Kurt acenou afirmativamente com a cabeça e olhou melhor para o cenário. No centro, encontrava-se uma longa fila de sarcófagos. Num dos lados, havia uma versão mais pequena da esfinge, coberta com folha de ouro e lápis-lazúli iridescente. No lado oposto, quase por baixo deles, via-se um fosso cheio de água e quatro crocodilos grandes.
Um deles rugiu e contorceu-se violentamente quando um outro se aproximou.
— Não sei porquê mas gosto mais dos mumificados — disse Kurt.
— Eram, sem dúvida, mais pequenos — observou Joe.
Parecia que o fosso por baixo deles estava recuado alguns palmos, sendo, aparentemente, suficientemente profundo para manter aí os crocodilos enquanto dois homens descontraídos passavam por eles, antes de entrarem num túnel no extremo da enorme sala.
— Têm a certeza de que não estamos dentro de uma das pirâmides? — perguntou Renata.
Joe abanou a cabeça. — Já estive três vezes em Gizé — acrescentou Joe — e, que eu saiba, isto nunca fez parte da excursão.
— É incrível — afirmou Kurt. — Já ouvi falar de cavernas e de câmaras por baixo das pirâmides, mas, geralmente, naqueles programas de televisão em que insistem que os alienígenas construíram tudo e depois acabaram por abandonar todas as coisas.
— Mas como é que alguém poderia ter construído algo como isto? — perguntou Renata. — Como poderiam trabalhar aqui no escuro?
Joe acocorou-se e tocou no chão, agarrando no que pareciam ser pedaços de sal. Grande parte da caverna parecia estar coberta por essa substância. — Isto é carbonato de sódio — disse ele. — Os egípcios chamavam-lhe natrão. Trata-se de um secante que ajudava o processo de mumificação, mas que, combinado com certos óleos, permite fazer uma fogueira que não deita fumo. Foi assim que fizeram a luz suficiente para trabalharem nas tumbas e nas minas. Este lugar poderá ser ambas as coisas.
— Uma tumba e uma mina?
Joe assentiu com a cabeça. — No entanto é estranho — acrescentou. — O natrão encontra-se geralmente em locais onde houve água que secou.
— Talvez esteja a ser bombeada — sugeriu Renata.
Kurt pôs-se a pensar. — Porquê então transformá-la numa tumba?
— É que assim matavam dois coelhos com uma só cajadada. Ao porem aqui a tumba, poderiam escavar o sal e o natrão e depois trazerem os mortos e usarem os materiais que já aqui estavam para os mumificar neste mesmo sítio.
— Imaginem — observou Renata. — Uma tumba ainda por encontrar com mais ouro e arte do que a de Tutancámon…
— Porque a Osiris International a encontrou primeiro — disse Kurt. — Este lugar deve ter qualquer coisa a ver com a Névoa Negra.
— Talvez eles tivessem encontrado o que D’Campion e Villeneuve andavam aqui à procura.
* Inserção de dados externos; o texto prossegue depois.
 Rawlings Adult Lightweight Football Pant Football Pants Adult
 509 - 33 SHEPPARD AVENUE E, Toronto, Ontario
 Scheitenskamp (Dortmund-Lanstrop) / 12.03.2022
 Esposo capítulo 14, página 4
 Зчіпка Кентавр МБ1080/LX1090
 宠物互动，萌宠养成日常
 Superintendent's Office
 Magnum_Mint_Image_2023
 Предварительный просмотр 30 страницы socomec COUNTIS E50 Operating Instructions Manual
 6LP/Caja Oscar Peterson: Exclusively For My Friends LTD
— Isso faz todo o sentido — observou Kurt. — E quando descobriram o segredo e ficaram a saber que a coisa até funcionava bem, fecharam este lugar, escavaram o túnel e certificaram-se assim de que ninguém seria alguma vez visto a entrar ou a sair.
Ouviu-se então, vindo de baixo, o som de um pequeno motor. Kurt escondeu-se nas sombras enquanto um veículo todo-o-terreno, desenhado para mais de duas pessoas, irrompeu de um dos túneis. Tinha dois assentos, uma gaiola de proteção e uma prateleira atrás.
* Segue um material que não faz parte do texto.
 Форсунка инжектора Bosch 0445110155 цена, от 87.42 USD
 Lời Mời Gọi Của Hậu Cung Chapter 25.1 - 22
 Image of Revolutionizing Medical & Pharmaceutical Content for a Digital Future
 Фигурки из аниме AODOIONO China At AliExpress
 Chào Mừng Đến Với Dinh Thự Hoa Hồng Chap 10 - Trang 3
Dois homens de fardas pretas sentavam-se nele. Atrás deles, nessa prateleira, viam-se dois passageiros com batas brancas. Cada um tinha uma mão na gaiola e a outra numa pequena mala frigorífica, como se para a manterem segura.
O veículo atravessou o espaço mais abaixo, passou pela esfinge dourada e meteu-se pelo túnel.
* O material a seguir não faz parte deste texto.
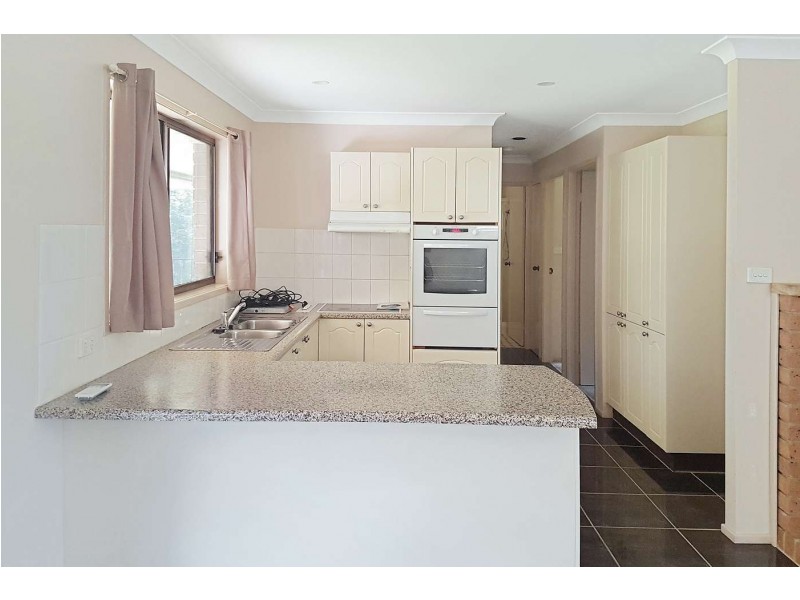 193A Park River Close, Mulgoa NSW 2745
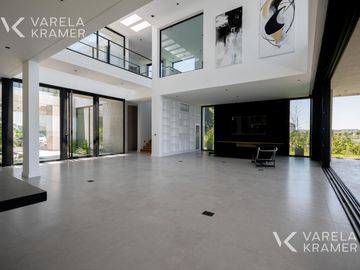 place photo 44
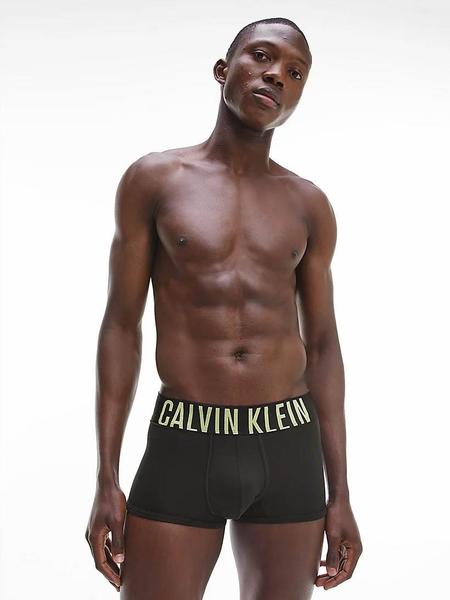 Gallery a08300 t8oakndn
— A não ser que estes tipos estejam a levar meia grade de cerveja para um estádio de basebol, diria que se trata de material farmacêutico — observou Kurt.
— Foi isso mesmo que eu pensei — afirmou Renata.
Kurt já estava disposto a ir atrás deles quando ouviu vozes a ecoarem através da câmara funerária. Podiam agora ver um grupo de homens a atravessar o espaço em frente da esfinge, passando pela fila de sarcófagos de pedra, em direção ao fosso dos crocodilos.
Pararam mesmo ao lado do fosso e não demorou até que dois outros homens se fossem juntar a eles.
— Hassan — murmurou Kurt.
— E quem é o sujeito ao lado dele? — perguntou Joe.
Kurt respondeu: — Tenho a impressão de que se trata de Shakir.